Flink1.8.1写入数据到HDFS
版本
- Flink:1.8.1
- Hadoop:2.6.0(CDH5.14)
Maven依赖
<dependency>
<groupId>org.apache.flink</groupId>
<artifactId>flink-connector-filesystem_2.11</artifactId>
<version>${flink.version}</version>
</dependency>
<dependency>
<groupId>org.apache.hadoop</groupId>
<artifactId>hadoop-hdfs</artifactId>
<version>${hadoop.version}</version>
<scope>provided</scope>
<exclusions>
<exclusion>
<groupId>xml-apis</groupId>
<artifactId>xml-apis</artifactId>
</exclusion>
</exclusions>
</dependency>
<dependency>
<groupId>org.apache.hadoop</groupId>
<artifactId>hadoop-common</artifactId>
<version>${hadoop.version}</version>
<scope>provided</scope>
</dependency>
<!-- Maven整包插件 -->
<plugin>
<artifactId>maven-assembly-plugin</artifactId>
<configuration>
<archive>
<manifest>
<mainClass>com.allen.capturewebdata.Main</mainClass>
</manifest>
</archive>
<descriptorRefs>
<descriptorRef>jar-with-dependencies</descriptorRef>
</descriptorRefs>
</configuration>
</plugin>
Flink的lib目录下添加
具体版本结合实际情况,添加后需要重启Flink集群
flink-shaded-hadoop-2-uber-2.6.5-8.0.jar
jar下载方式:若在Flink官网找不到对应jar,可通过下载到maven仓库中获取,下载后再将pom中依赖删除
https://mvnrepository.com/artifact/org.apache.flink/flink-shaded-hadoop-2-uber
实现代码
//设置checkpoint
// start a checkpoint every 1000 ms
env.enableCheckpointing(1000L)
// advanced options:
// set mode to exactly-once (this is the default)

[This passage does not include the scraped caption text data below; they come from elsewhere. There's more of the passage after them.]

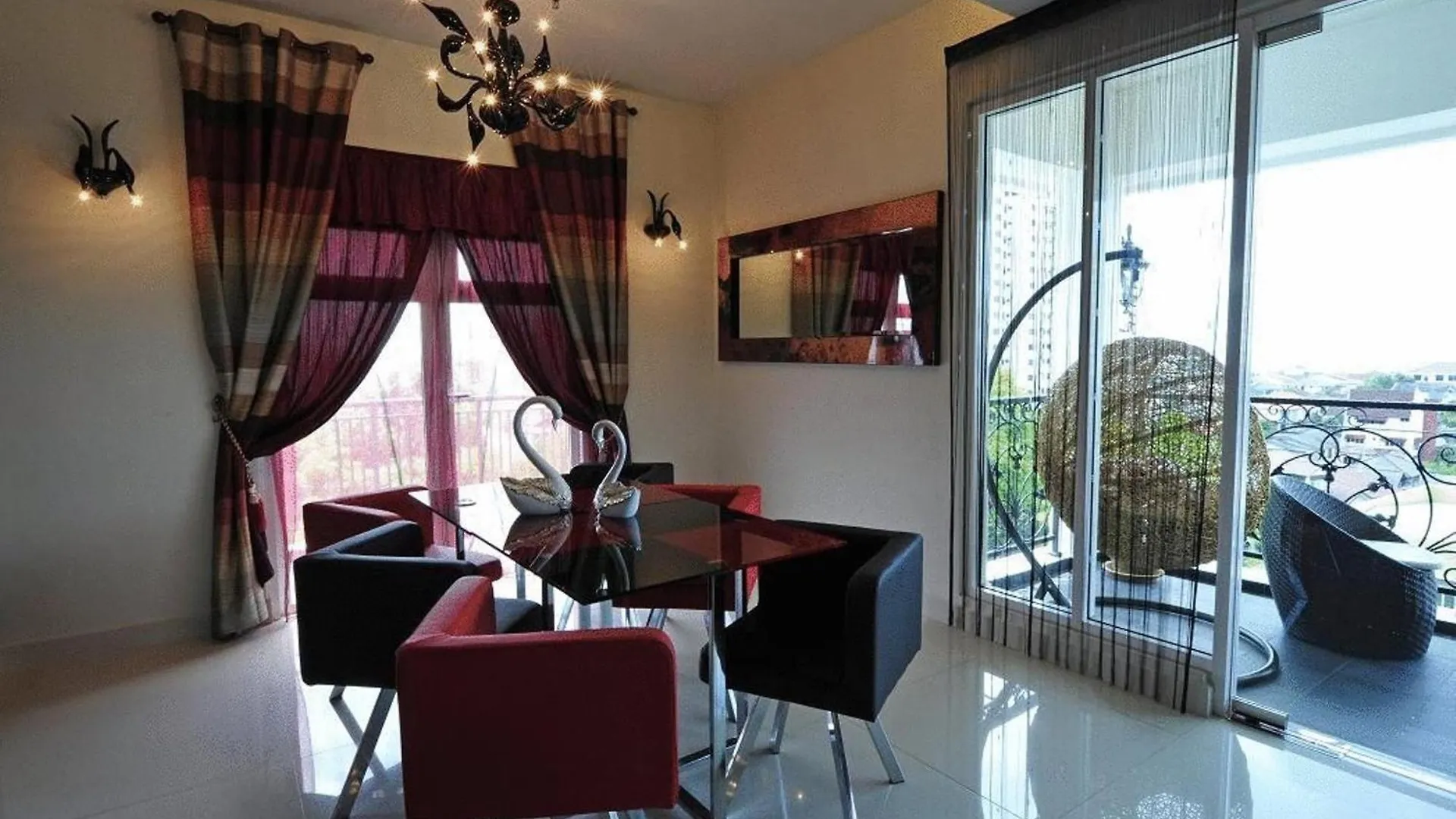 Arenaa Deluxe Hotel Malacca 3*,  Malaysia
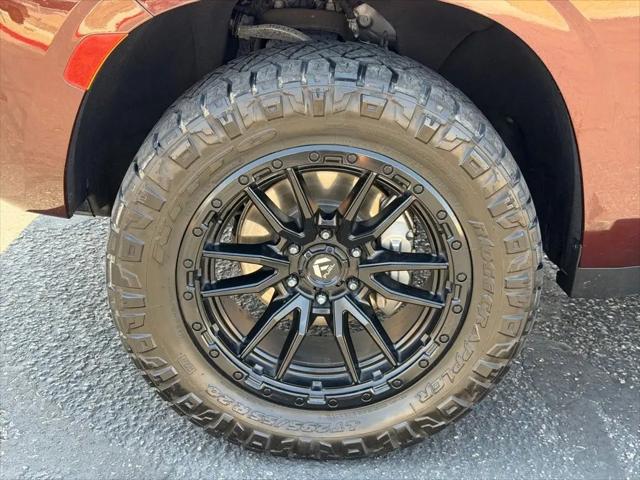 2022 Chevrolet Tahoe 4WD Z71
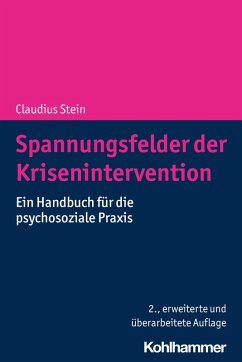 Spannungsfelder der Krisenintervention (eBook, PDF) - Stein, Claudius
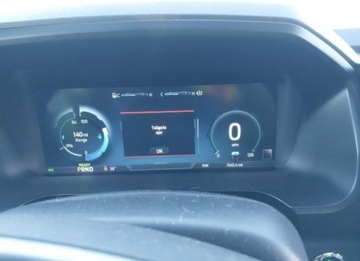 Ford 2023 Ford F150 2023, 4x4, LIGHTNING LARIAT, od ubezpieczalni Elektryczny 580KM, zdjęcie 11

env.getCheckpointConfig.setCheckpointingMode(CheckpointingMode.EXACTLY_ONCE)
// checkpoints have to complete within one minute, or are discarded
env.getCheckpointConfig.setCheckpointTimeout(10000)
// make sure 500 ms of progress happen between checkpoints
env.getCheckpointConfig.setMinPauseBetweenCheckpoints(500)
// allow only one checkpoint to be in progress at the same time
env.getCheckpointConfig.setMaxConcurrentCheckpoints(1)
// enable externalized checkpoints which are retained after job cancellation
env.getCheckpointConfig.enableExternalizedCheckpoints(ExternalizedCheckpointCleanup.RETAIN_ON_CANCELLATION)
// This determines if a task will be failed if an error occurs in the execution of the task’s checkpoint procedure.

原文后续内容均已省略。